Kuwait, a major oil producer hit by lastyear's price slump, is leaning towards a more creative monetary
policy to help spur its economy, banking sources said.
    "There is a clear emphasis on encouraging the use of money
in productive ventures, rather than having it all tied up in
interest bearing investments which have no direct productive
outlet," one banker said.
    Kuwait's Central Bank yesterday cut one key money market
rate and abandoned another which had been used since February
1986 to direct inter-bank borrowing and lending costs.
    The bank reduced to six pct from 6-1/2 pct the rate at
which it will offer funds of one month to one year in the
inter-bank market. This, in turn, affected retail rates.
    The cut, the third this year, followed a major overhaul of
interest rate policy last month which Central Bank Governor
Sheikh Salem Abdul-Aziz al-Sabah said was designed to revive
the economy.
    One banker said "There is growing flexibility, creativity,
in interest rate policy, amid an awareness of the need to
diversify the economy by stimulating the non-oil sector."
    For the first time in nearly three years domestic interest
rates are now significantly below those for the U.S. Dollar, a
favourite haven for Gulf speculative and investor funds in the
past, banking sources said.
    Despite uncertainties generated by the 6-1/2 year old Iran-
Iraq war on Kuwait's northern doorstep, bankers play down the
prospect of any significant capital flight.
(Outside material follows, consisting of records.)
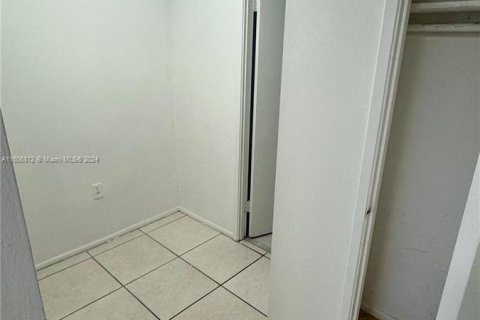 Copropriété à vendre à Miami, Floride: 1 chambre, 96.25 m2 № 1227560 - photo 6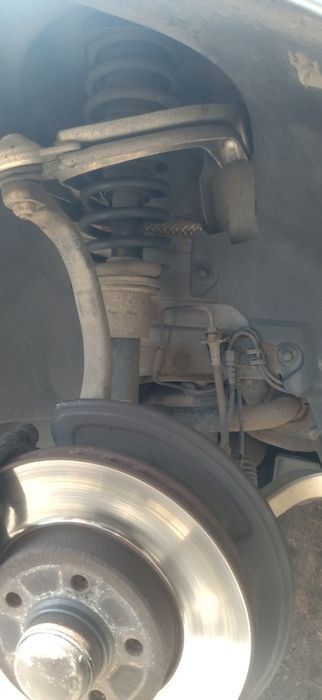 Мерцедес Е200 Компресор Фабричен Метан.Отличен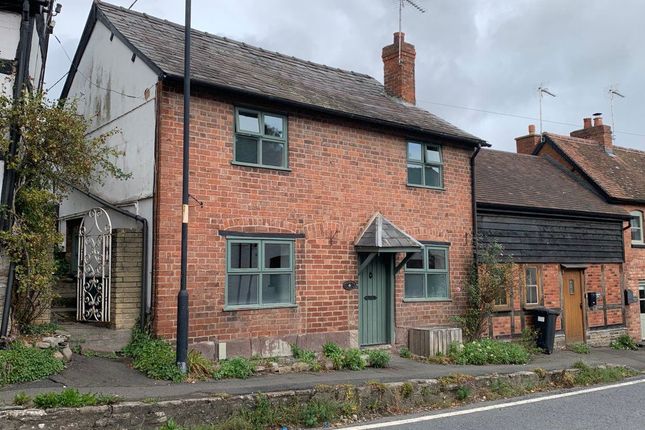3-bed house on High Street, Pembridge, £950/mo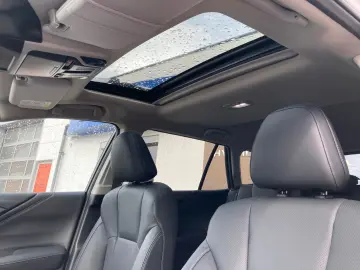 SUBARU Outback 2.5i Platinum Lineartronic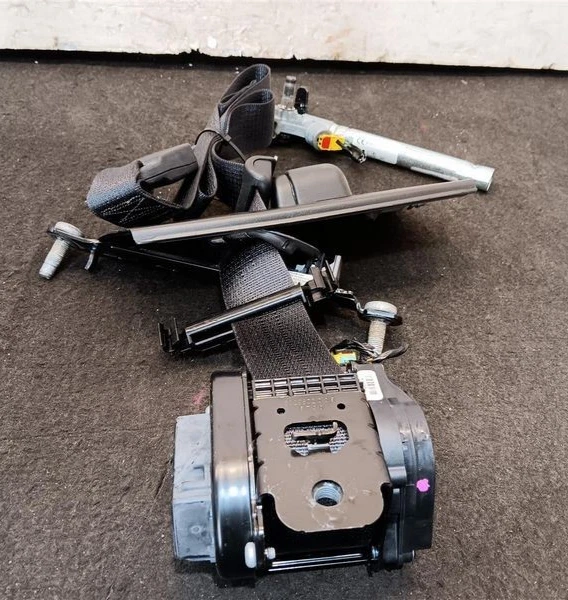 2017-2022 Jeep Cherokee Front Right Passenger Seat Belt Retractor Black Oem Used Foto 2 de 4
    The Kuwaiti dinar, whose value is set by the Central Bank
and was fixed today at 0.27095/129 to the dollar, is stronger
now than for several years.
    Fears that the dollar may fall further will prompt second
thoughts among Kuwaiti investors prepared to consider switching
funds into the U.S. Currency, the sources said.
    "There is a distinct exchange rate risk," they added.
    Bankers said the dollar slump hurt many investors behind
the last major capital outflow in 1984, encouraged then by 18
pct U.S. Interest rates and the start of Iranian attacks on
neutral shipping in the Gulf.
    The Central Bank calculates its dinar exchange rate against
a basket of currencies. Bankers do not know the basket's exact
make-up but say it is weighted heavily in favour of the dollar.
    Some bankers believe any strengthening of the dinar beyond
0.27000 to the dollar might provoke investors into shifting
funds into the U.S. Currency. "They may ask:When will the dollar
be so cheap again?" one said.
    And with dinar interest rates now roughly one pct below
those for the dollar, they say the Central Bank faces a
delicate balancing role requiring further flexibility.
    Bankers said the current, expansionary interest rate policy
is only part of a broader attempt to encourage local investment
and strengthen the backbone of the economy.
    They estimate the economy, measured in terms of GDP and
allowing for inflation, shrank 19 pct in 1986 after an 8.1 pct
contraction the previous year.
    Bankers also noted recent measures to stimulate stock
market activity, capped today by sharp cuts in brokerage fees
to make it cheaper for investors to trade.